“The last great earthquake to strike the Pacific Northwest occurred on January 26, 1700, at about 9 p.m. Parts of the coastline dropped three to six feet in an instant. It set off landslides throughout the Oregon Coast Range. Some of them are still moving. If you could hear soil, rocks and trees creep inch-by-inch downhill, some of those sounds would echo that massive jolt. At sea, it generated tsunamis that reshaped the Northwest coastline, traveled across the Pacific and swept through bays and coastal communities in Japan. …”
The latest issue of Terra, Oregon State University’s research magazine, delves into the ways in which OSU scientists and engineers are helping the state prepare for the next big Cascadia Subduction Zone earthquake, which a growing number of researchers calculate could happen within the next 50-100 years. Learn how such a powerful near-short “megathrust” quake could affect the state and region, and what’s being done to plan for, and mitigate against, such disasters.

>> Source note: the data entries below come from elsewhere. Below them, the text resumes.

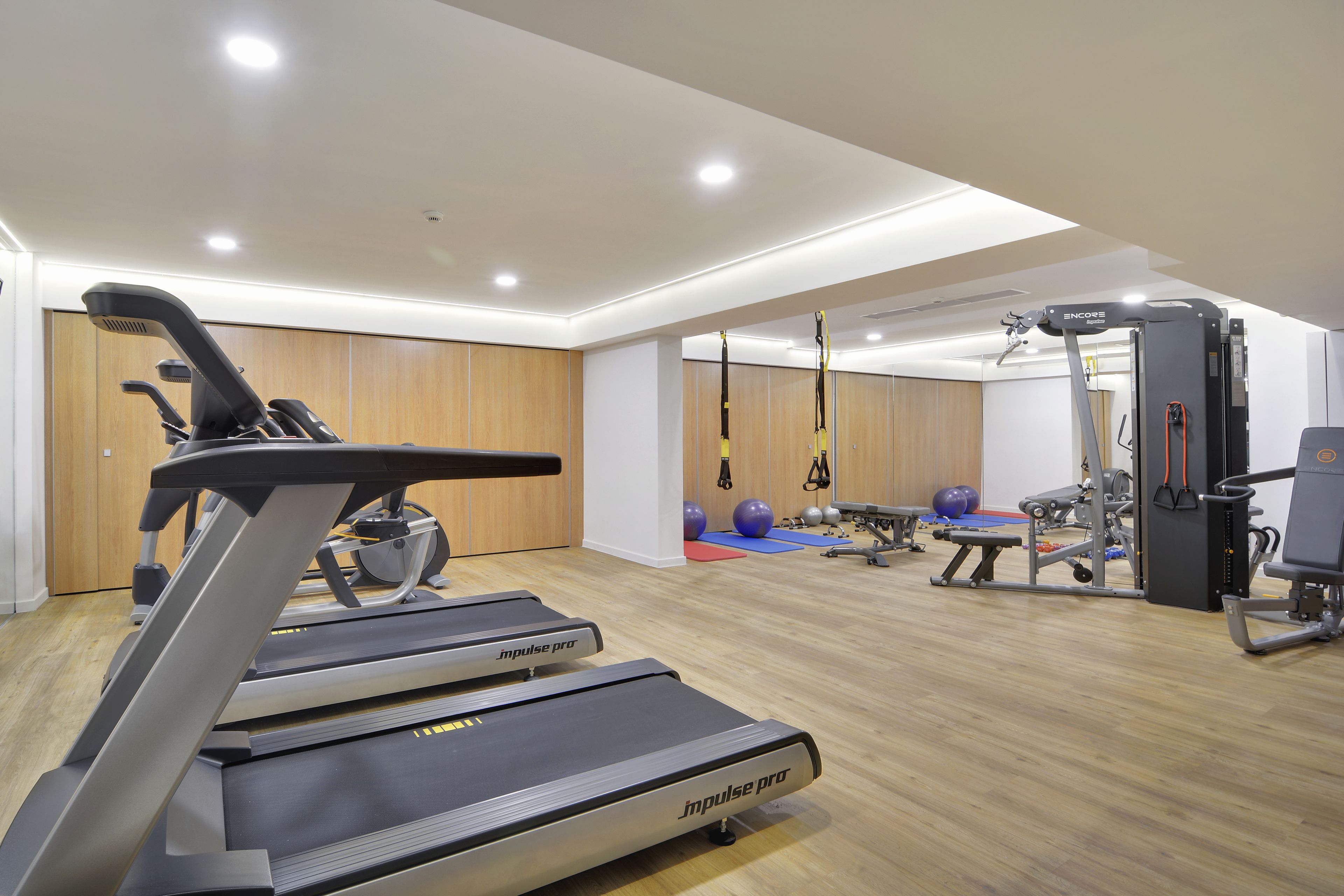 A modern gym with treadmills, exercise balls, and various fitness equipment.
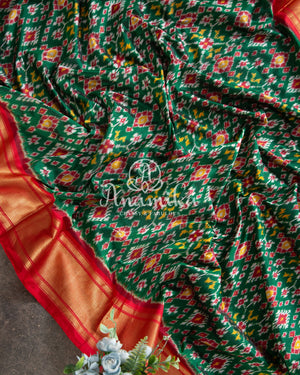 Dark Green Ikkat Patola saree with contrast off white blouse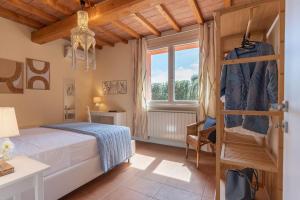 a bedroom with a bed and a window at Casa Melatina ToscanaOneHH in Riparbella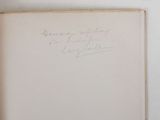 an open book with a handwritten title on it sitting on a table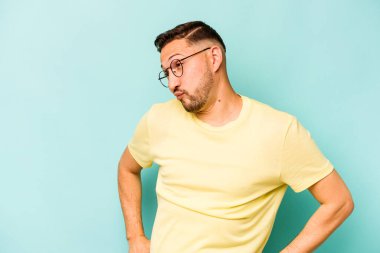 Mavi arka planda izole edilmiş genç bir İspanyol omuz silker ve gözleri açık kalır..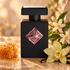 Initio Addictive Vibration beside golden honeycomb, white orange blossoms, and a creamy orchid on warm stone in golden light.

The spring edition also looks at how people like Oregon Sea Grant’s Tim Miller-Morgan care for the fish and other aquatic animals that make up more than 80 percent of the animals used in the university’s research labs and the public exhibits at the Hatfield Marine Science Center. The past few decades have witnessed great changes in how institutions like OSU treat the animals in their care; as Miller-Morgan puts it, ““Now we understand that we shouldn’t look at these animals as disposable. We brought them into captivity, and we have an obligation to keep them as long as we can, as close to their natural lifespan as possible — or even longer.”